Mexican consumer prices rose more than analysts forecast in March, pushing annual inflation above the target range for the first month since November and bolstering analysts’ calls for interest rates to remain on hold.
Prices climbed 0.73 percent, the national statistics agency said today, lifting annual inflation to 4.25 percent from 3.55 percent in February. Analysts had expected prices to rise 0.69 percent, according to the median of 17 estimates in a Bloomberg survey. Core prices, which exclude energy and agriculture costs, rose 0.30 percent, compared with the 0.35 percent forecast by 16 economists surveyed by Bloomberg.
The central bank cut its benchmark rate by half a point to a record-low 4 percent on March 8, with policy makers forecasting that inflation would slow toward 3 percent after rising temporarily.
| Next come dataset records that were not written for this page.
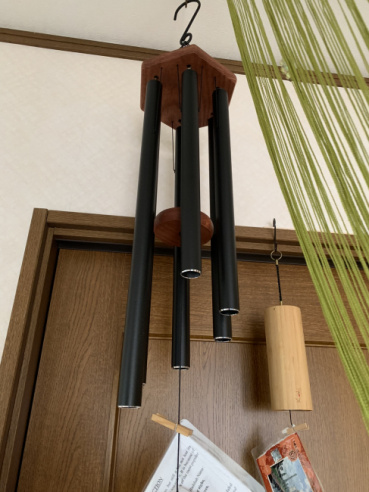 くるみんの評価写真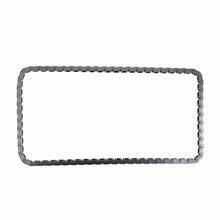 Last inn bildet i Galleri-visningsprogrammet, Registerkjedesett kjedestrammer egnet for Seat Ibiza, Skoda Fabia, VW Polo 1.2 03C109158A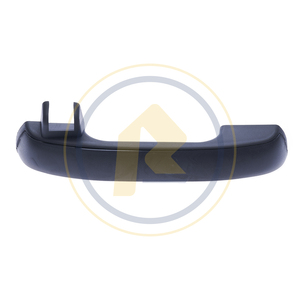 Maniglia esterna per porta Ac Rolcar ADAPTABLE per OE 20530145, 3175366 adatta per Volvo Truck FH12 1993 - Product Image 1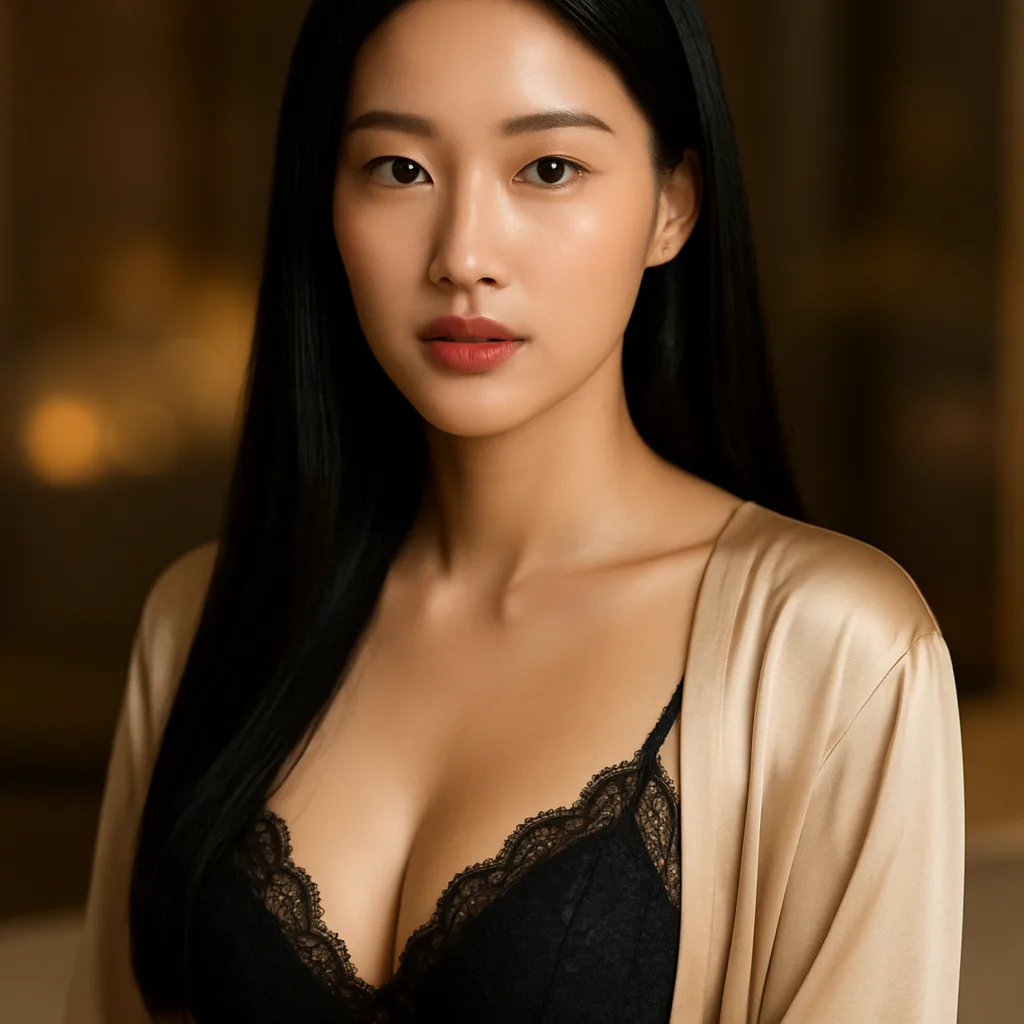 심야 상담 전에 확인할 내용을 짧은 메시지 템플릿으로 정리한 화면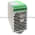 Phoenix Contact 28 66 43 3 Power Supply Product Image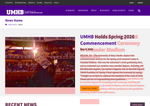Check dated 2026-05-15T02:11:50.000Z thumbnail image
It was the first rate cut in four years and came as inflation breached the 2 percent to 4 percent target range in early March as a frost drove up farm prices.
“Certainly, we’ve had some transitory shocks that we see diminishing soon,” Carstens said April 5. “The internal and external environment allows us to presume that we’re going to converge on 3 percent, the inflation target, and we can do it with a lower rate.”
Yields on fixed-rate government bonds due December 2013 rose two basis points to 4.04 percent at 8:18 a.m. in Mexico City. Inflation-linked bond yields maturing in 2013 fell 2 basis points to 1.23 percent. The peso strengthened 0.6 percent to 12.1241 per U.S. dollar and has appreciated 5.4 percent this year, the most of 16 major currencies tracked by Bloomberg.